Cuestión de ética, no de ideologías
Ni siquiera es ideología. En una magnífica "Tercera" de ABC el recientemente fallecido Miguel Delibes recordaba que hasta hace muy poco el atractivo "ideario de izquierdas se basaba fundamentalmente en la defensa de la vida, en el pacifismo contra cualquier forma de violencia y, sobre todo, en la defensa del débil, o sea del obrero frente al patrono, del niño frente al adulto, del negro frente al blanco". La nueva progresía se ha plegado a las tesis de Aído, pero en muchas conciencias de la izquierda real se mantiene vivo el debate porque consideran al feto como un ser humano débil cuya vida hay que proteger frente al adulto y frente a los poderosos patronos del negocio abortista.
Ni siquiera aguanta el discurso feminista.
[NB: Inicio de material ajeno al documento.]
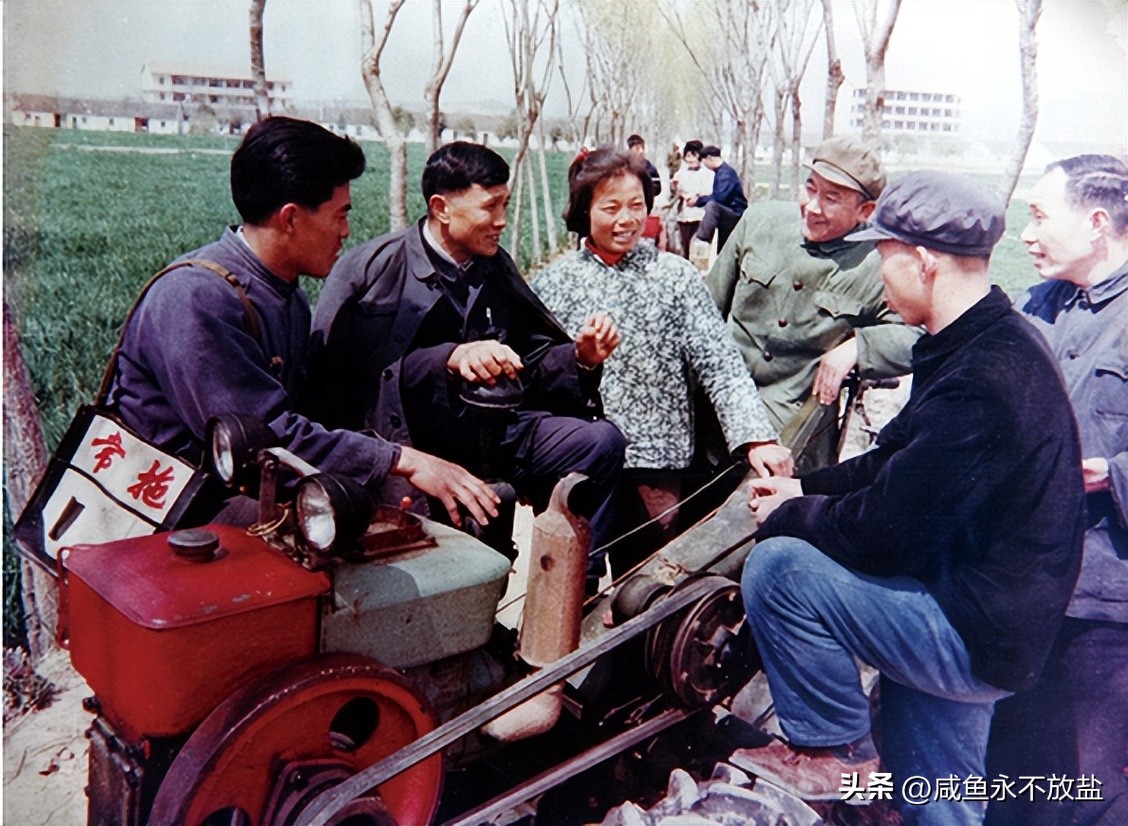 90年代人均桑塔纳，如今负债打工，“天下第一村”的经历令人唏嘘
Un embarazo es cosa de dos, de un hombre y una mujer, sin embargo, el varón, o sea el padre, no cuenta en este asunto, porque como la que pare es ella, es la única que tiene derecho a deshacerse de ese bien común. Falaz argumento el de "nosotras parimos, nosotras decidimos" porque con esa premisa también se podría llegar a vindicar el derecho de la mujer a matar a su bebé recién nacido porque es ella quien lo ha parido y ostenta el "título de propiedad". Y, desgraciadamente, es cada vez con más frecuencia una realidad social la del bebé arrojado vivo al cubo de la basura. Con la ética por los suelos, todo es posible.
Al servicio del macho
El caso es que en todo este asunto del aborto, el varón se va de rositas. Las cicatrices en la carne y en el alma, como siempre, se las queda la mujer. Tantos siglos de civilización y progreso para regresar de nuevo a la caverna, al machismo de la tribu. Como la de los indios "yanomamo", entre Venezuela y Brasil, y su visión materialista y primitiva de la vida, exenta de conciencia. Según los estudios del antropólogo norteamericano Marvin Harris, el primer parto de la hembra debe ser un varón, para evitar la paliza del marido y el repudio social. Por lo que las hembras que nazcan con antelación al "heredero" son aniquiladas sistemáticamente. También por economía. Practican el aborto con plantas del bosque o por métodos más expeditivos como las patadas en el vientre hasta acabar con el feto y, a veces, con la madre, para mantener un equilibrio con la disponibilidad de alimentos. Puro egoísmo, siempre a favor de la vida del macho. Curiosamente, la población masculina, que debería ser la más mermada por las continuas guerras entre tribus, dobla a la femenina, de donde se deduce que una buena parte de las hembras son eliminadas nada más nacer. Harris sostiene que la tendencia podría ser cambiada por las mujeres, pero a ellas tampoco les conviene. A más varones, más cazadores y más proteínas que llevarse al goleto. Un concepto tan materialista como el que practican los ¿progres? de ahora: un 20 por ciento de descuento en los abortos da para muchas proteínas.